売れ残りですが結婚してください
「今チケット買ってくるから待ってて」
シュウにそう言われたのだが翠が待ったをかけた。
「ここまで連れて来てくださったんですからチケット代は私に払わせてください」
翠のまっすぐな目にシュウは断れなくなった。
「わかった。でも一つ条件がある」
(この人は何かにつけて条件を出す人だな〜)
そう思いながらもそれが何かと尋ねると……。
「夕食はご馳走させて」だった。
せっかくこんな遠いところまで連れて来てくれたのだから食事ぐらい付き合うぐらいたやすいことだ。
「承知いたしました」
あまりにも真面目っぷりにシュウは苦笑いするしかなかった。
翠はあくまでシュウのことを美術館まで連れて来てくれた人という位置付けでしかなかった。

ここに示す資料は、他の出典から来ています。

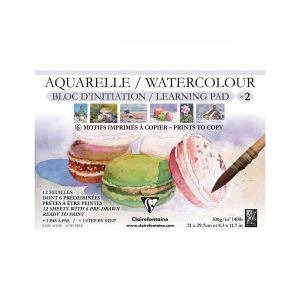 Bloc aquarelle prédessiné - 6 modèles - Papier Etival grain fin 300g - A4 paysage -  N°2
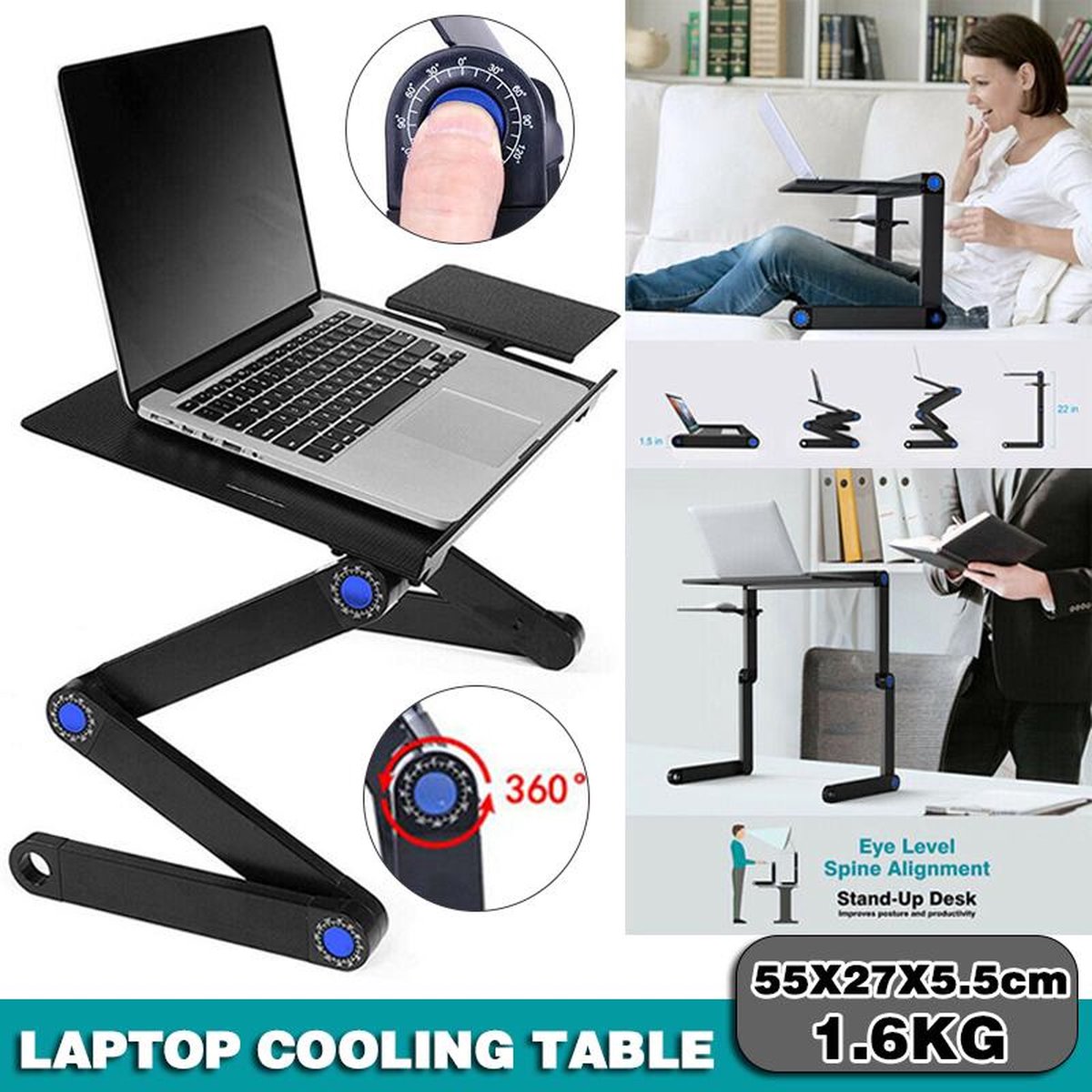Laptop Tafel | Verstelbaar | laptopstandaard zwart | Wendbaar Geschikt Voor: Apple Macbook / Mac / PC Computer Laptop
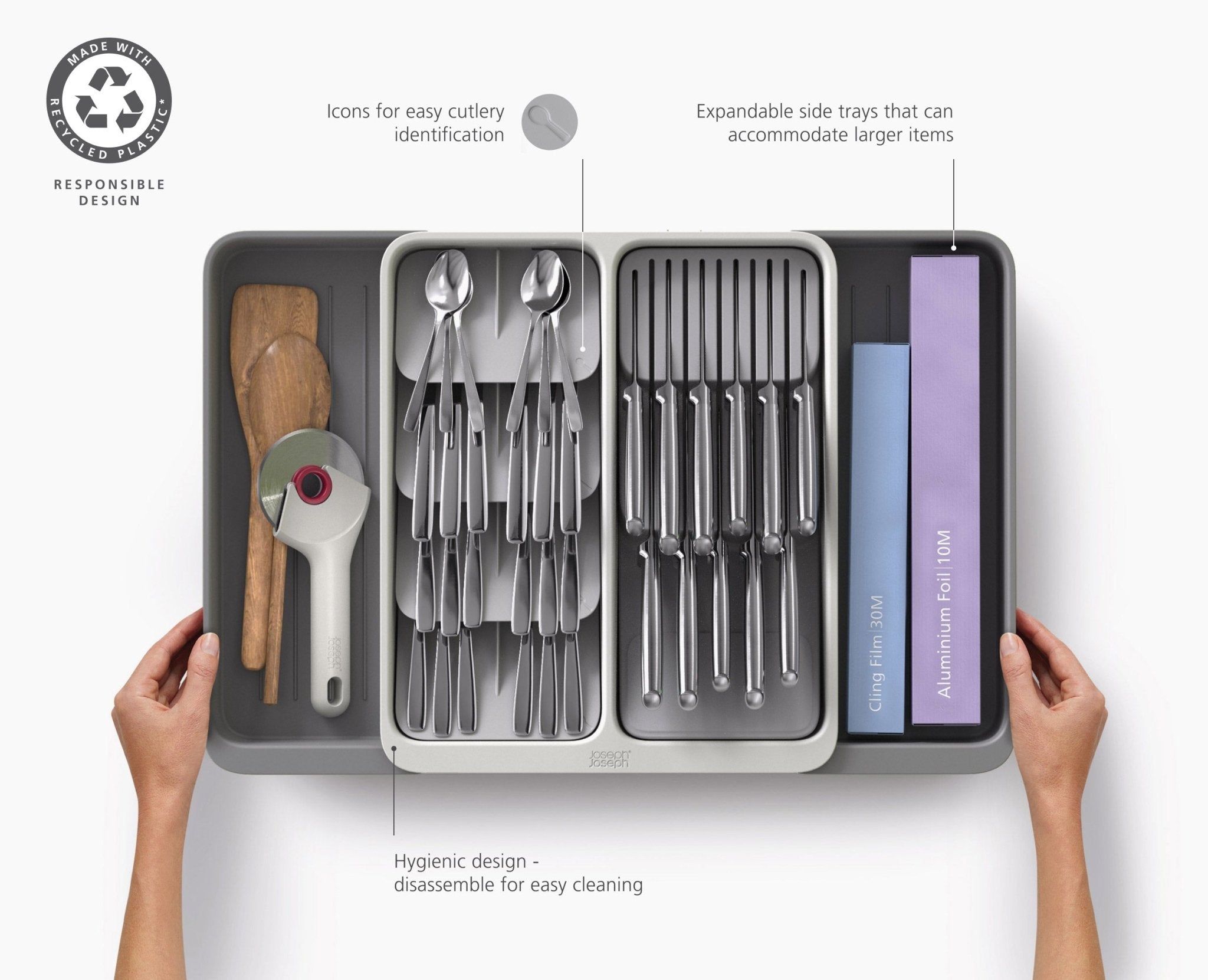 DrawerStore Expanding Tiered Cutlery. Utensil. Gadget & Knife Organizer - Image 6
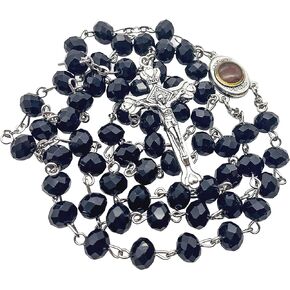 Nazareth Store Crystallized Black Rosary Crystal Beads Necklace Holy Soil Medal & Cross - Velvet Bag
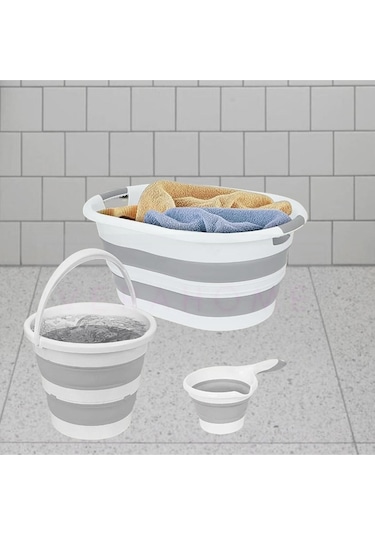 Vera Bath 3'lü Katlanır Multi Set Sepet-kova-maşrapa Beyaz - Gri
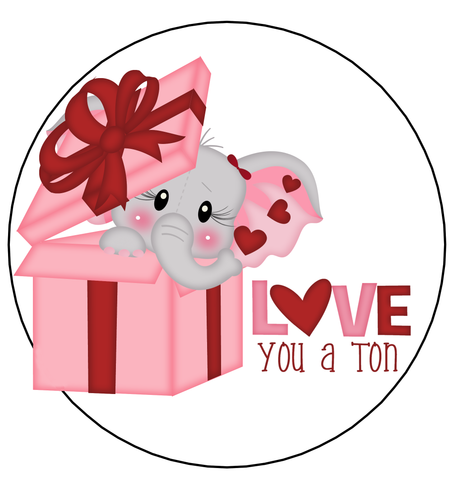 Valentine Elephant Love You a Ton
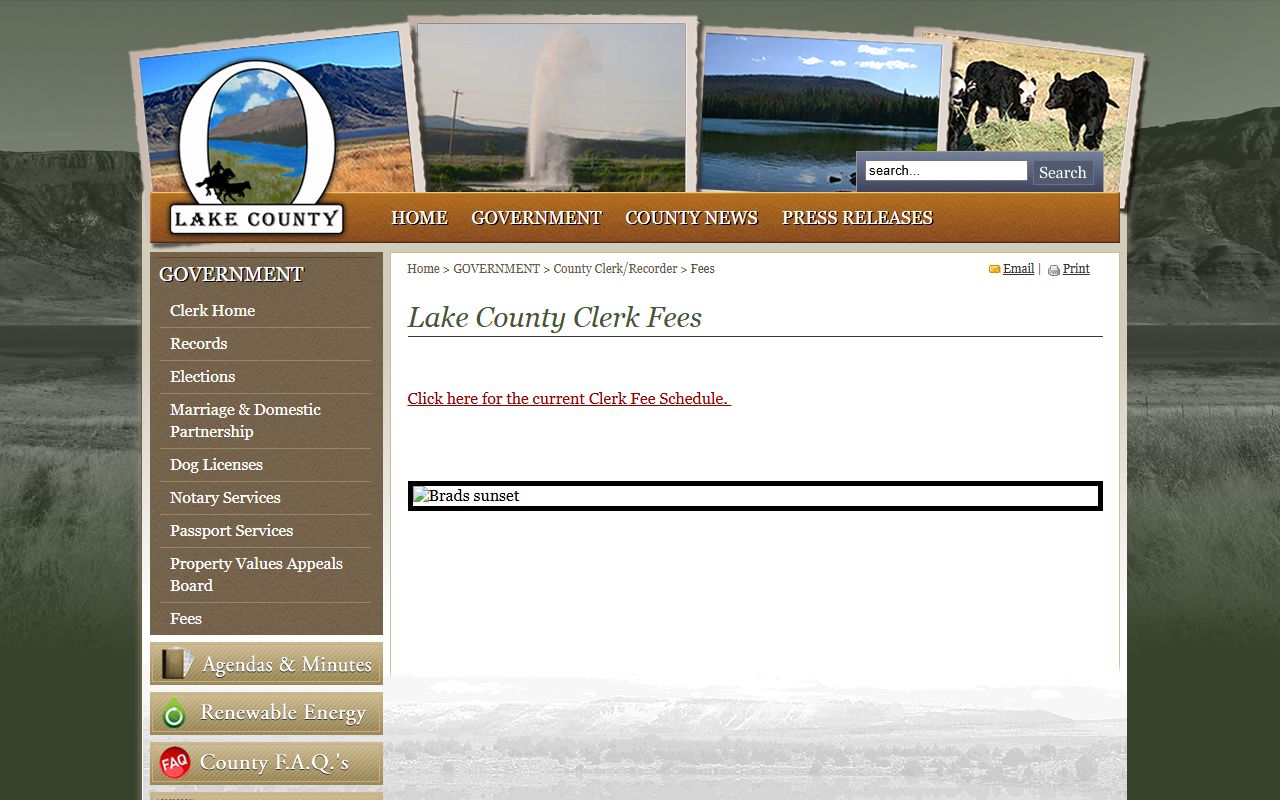 Lake County County Clerk Recorder fee page for clerk records and recording services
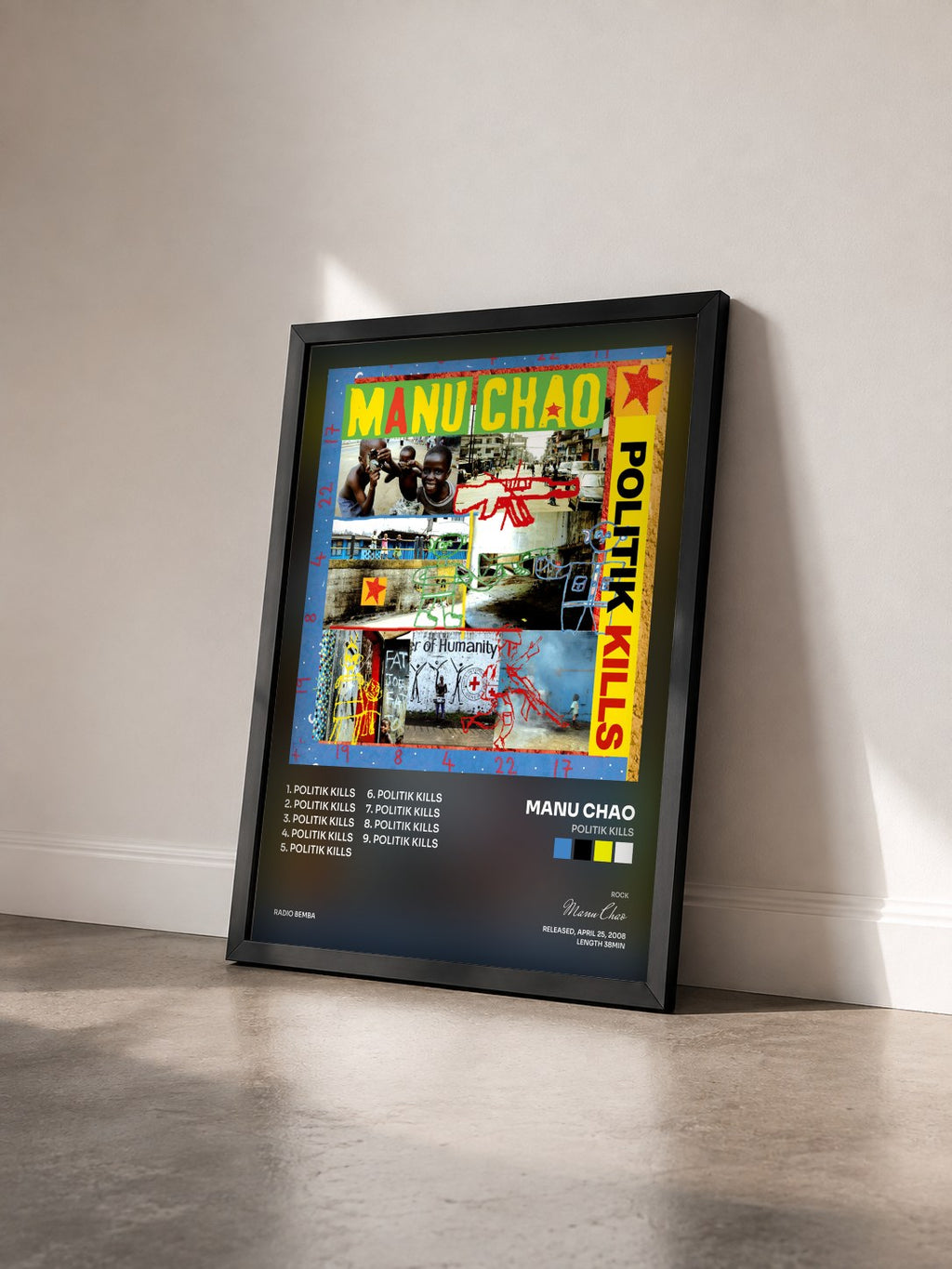 #noir Tableau de l'album Politik Kills de Manu Chao vu de trois quarts, cadre noir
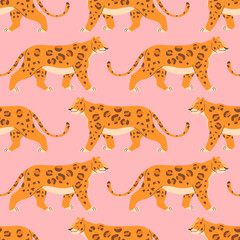 Leopard in flat style seamless pattern on light background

だから美術館に入った途端、翠は目の前の展示物に釘付けでシュウのことを完全に忘れていたのだ。
一つの作品を見るにしてもまず目つきが違う。
大好きな作品ともなると、まるで恋人を見つめるような愛おしさを向けていた。
一方シュウはというと作品を見ることよりも、作品を見ている翠を見ている方が楽しかった。
自分には見せたことのない自然な笑顔を見ることができたことはシュウにとって大きな収穫でもあった。